His main points were that people haven't flocked to existing portable movie players. Kids aren't even using the PSP (Sony's attempt to refight the game gear vs. gameboy battle) to play movies.
But here's the thing, a video out port on an iPod would only cost a few dollars extra to add to the device. Or they could make it part of the dock. Imagine 60GB of movies (presumably ~600MB MPEG-4 movies, so about 100 on a 60GB iPod) that you can take over to a friend's place to watch on his TV. The thing is smaller than even a single DVD.
Now, of course everyone knows Apple doesn't talk about unreleased hardware and I have no doubt one of them has thought of this before I have, so seeing the software infrastructure put in place now with iTunes makes me think that they aren't going to have someone else get this right first.
And if the idea does fail, it won't cost them anything substantial, since video technology has been part of QuickTime for over a decade and a half, and an iPod Photo already has everything it needs to play videos (digital out would be much better, of course.)
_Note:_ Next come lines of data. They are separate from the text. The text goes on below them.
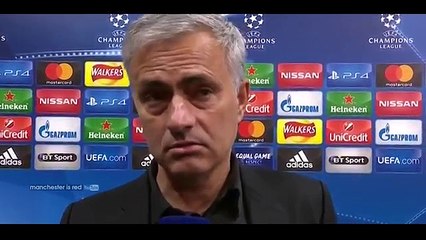 Manchester United vs Basel 3-0 Jose Mourinho Post Match Inteview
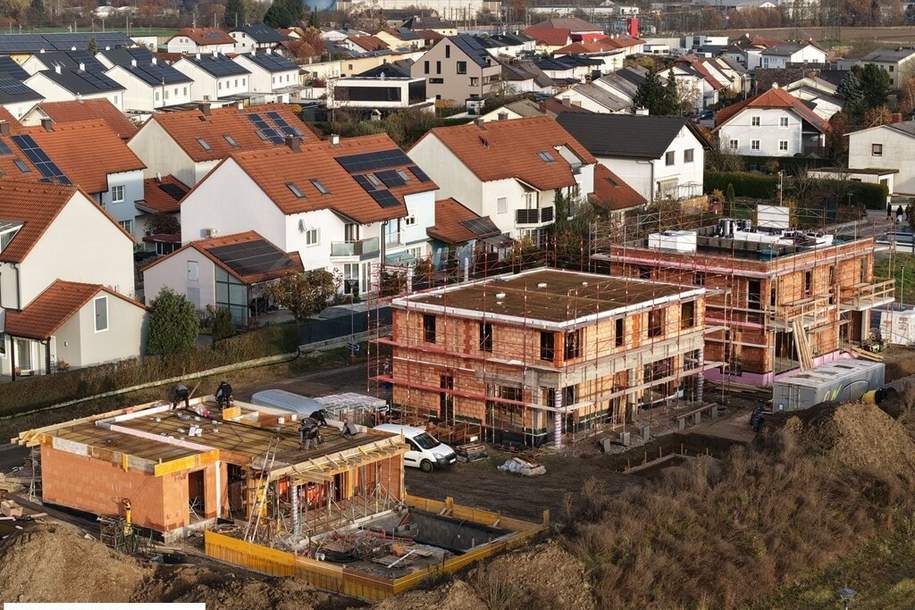 AKTION 2025 BM DHH – BELAGSFERTIG zum FIXPREIS! ohne GRUNDSTÜCK !!, Haus-kauf, 285.444,€, 4481 Linz-Land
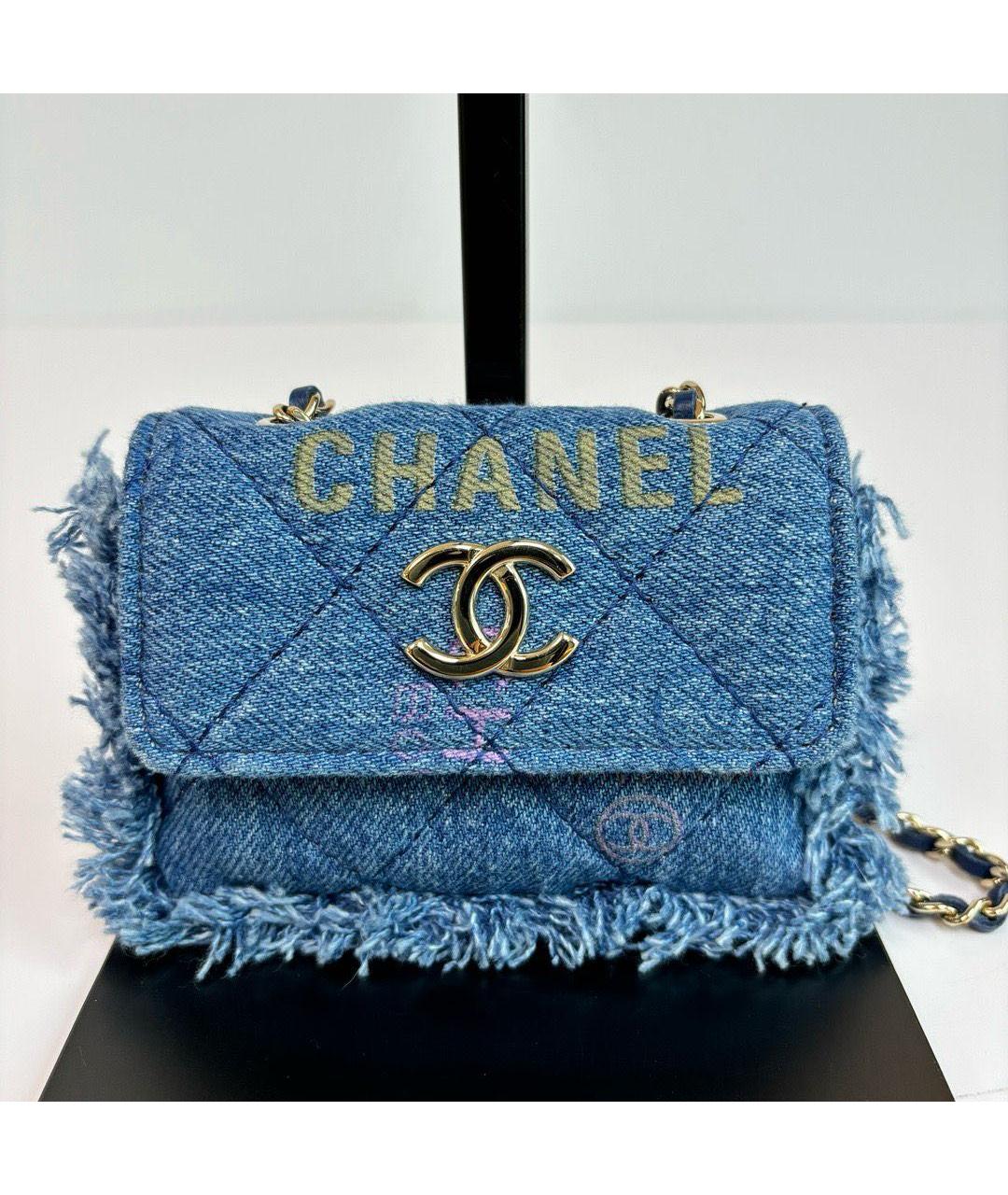 CHANEL Голубая поясная сумка, фото 7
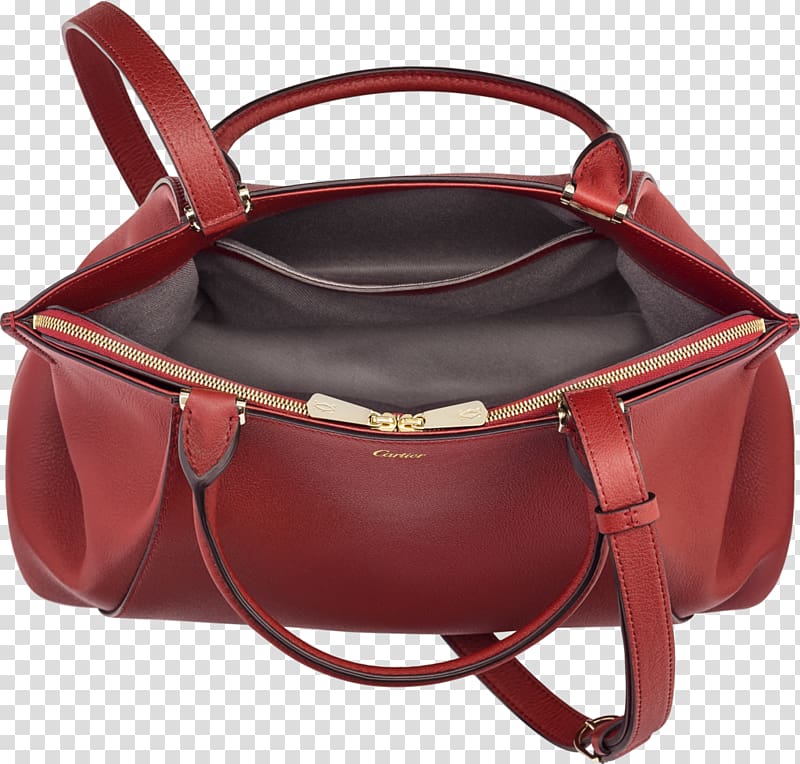 Handbag Leather Red Spinel, bag transparent background PNG clipart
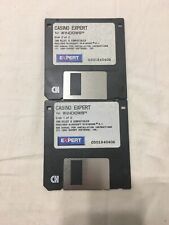 1994 Expert Casino Floppy Disk 1 and 2 for Windows 3.1 Preowned picture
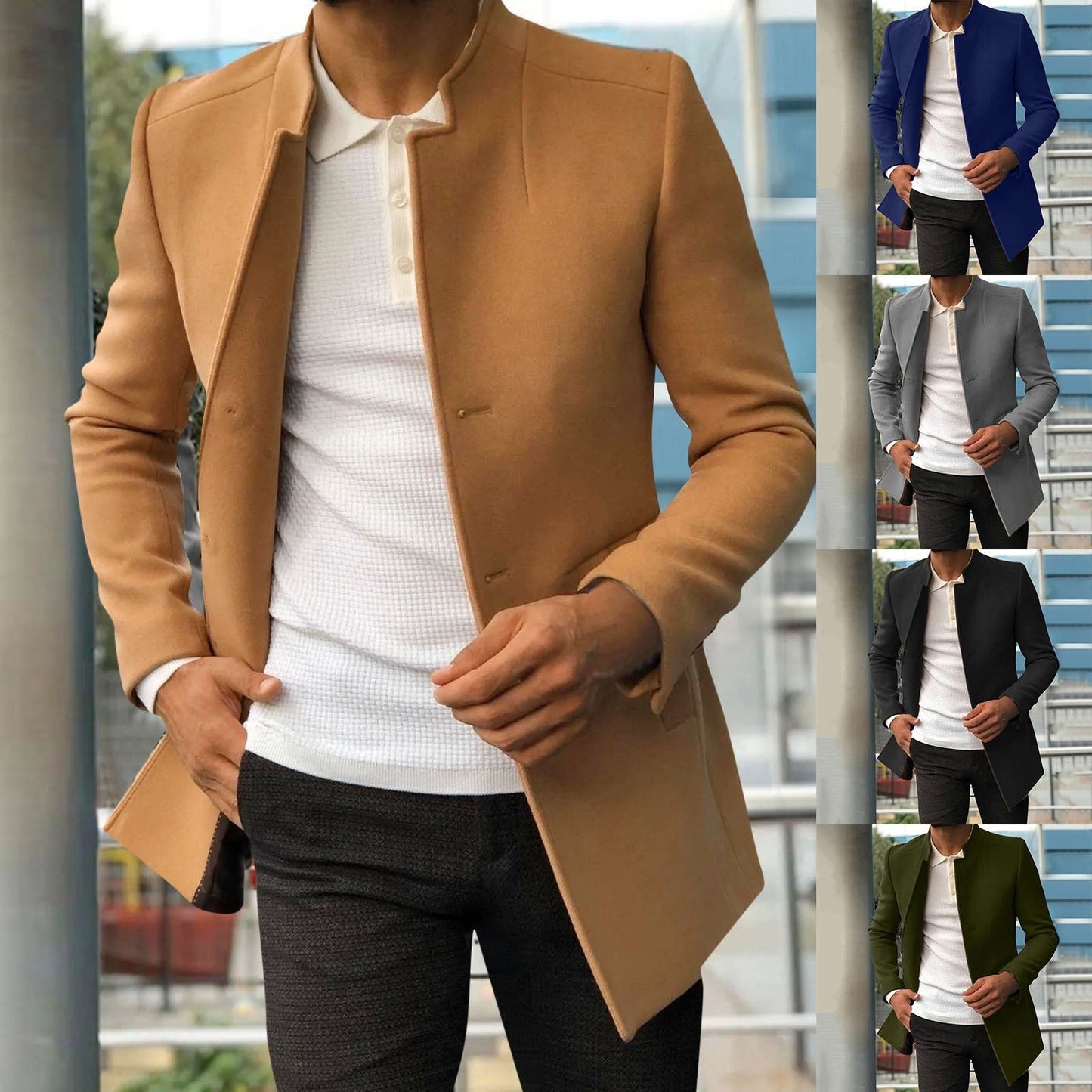Heren Herfst-/Winterjas van Tweed – Lazaro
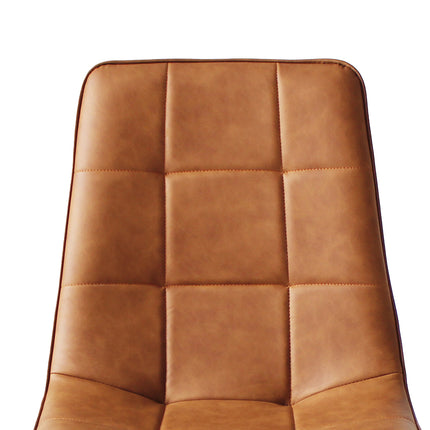 Levede 4x Dining Chairs Kitchen Chair Brown Faux Leather-1973194074588581892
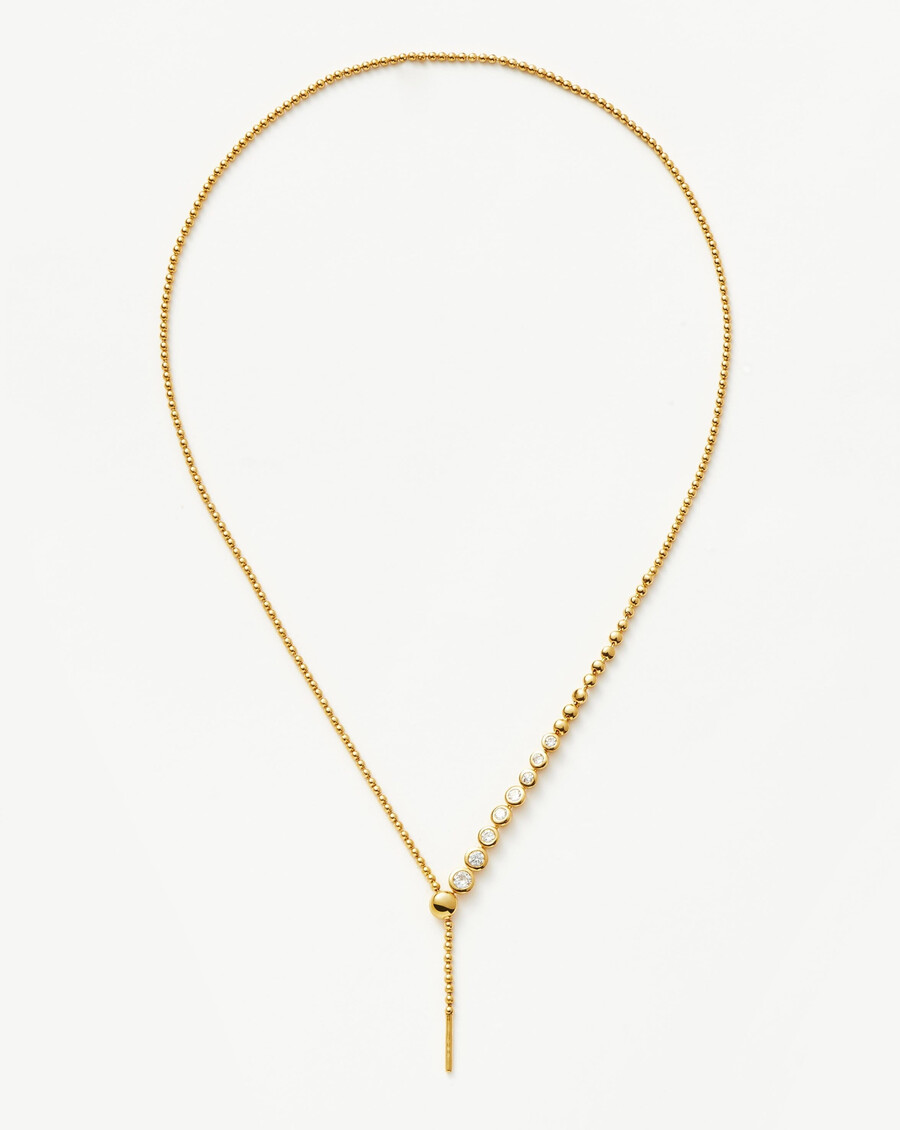 perlen- und stein-schieber-lariat-goldkette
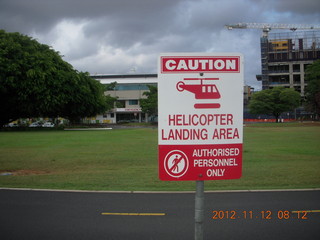 Cairns morning run - helicopter sign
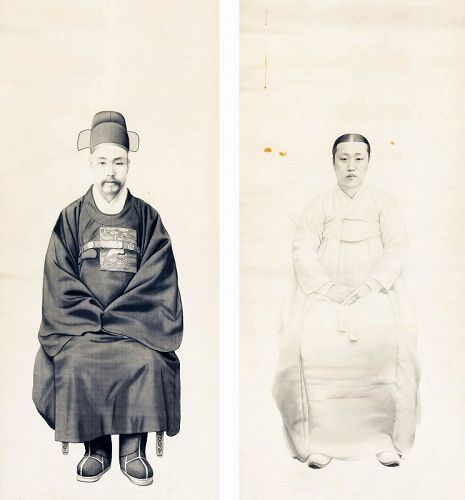The Only 19th Century Korean Female Portrait Ever Offered for Sale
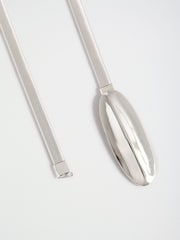 Lipsy Silver Oval Emblem Slinky Belt - Image 5 of 6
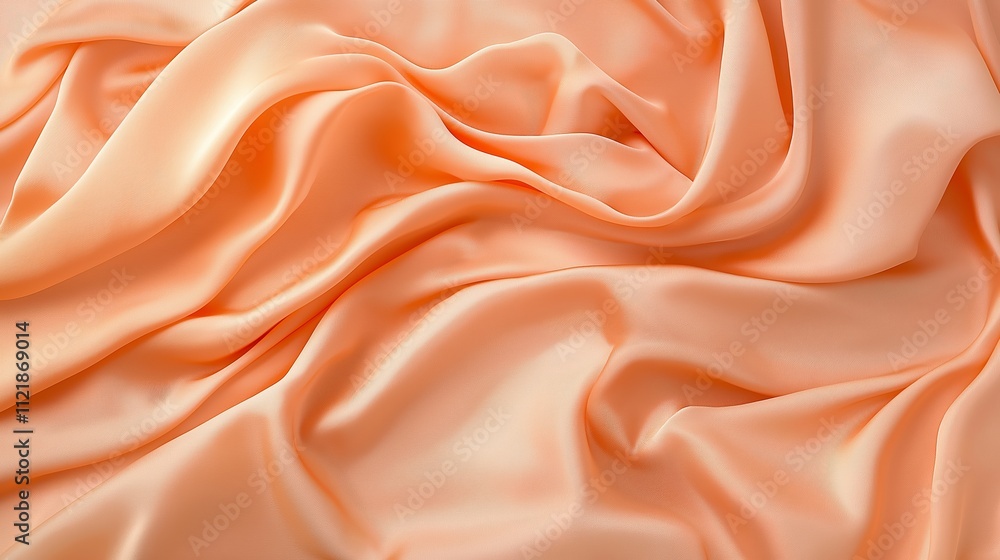 Fototapeta premium Orange silk satin fabric abstract background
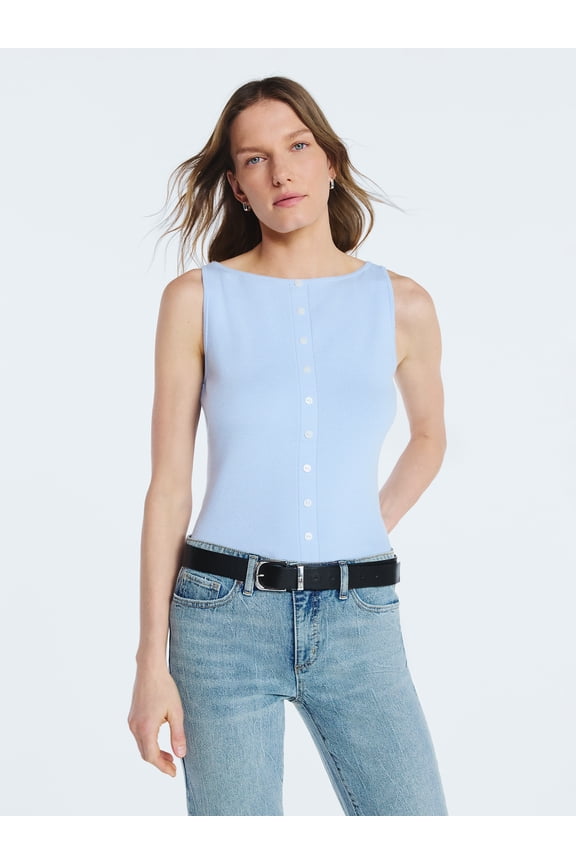 Women's Sleeveless Button Front Cardigan Sweater, Lightweight, Sizes XS-XXL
It's not about watching the movies on the little screen, the screen could even be turned off to save battry power. It's about the world's smallest TiVo.
Technorati Tags: Apple, iPod
> everything it needs to play videos
From what I've read, the above isn't really true:
- The iPod Photo doesn't have the necessary power to decode video on-the-fly.
- The drives used in the iPod Photo aren't geared toward this purpose, and would die a quick death if they had to incur this kind of usage (someone in the Slashdot thread you point to mentioned a 'matter of hours'). I believe Apple has recommended that people not use their iPods as boot disks for this reason.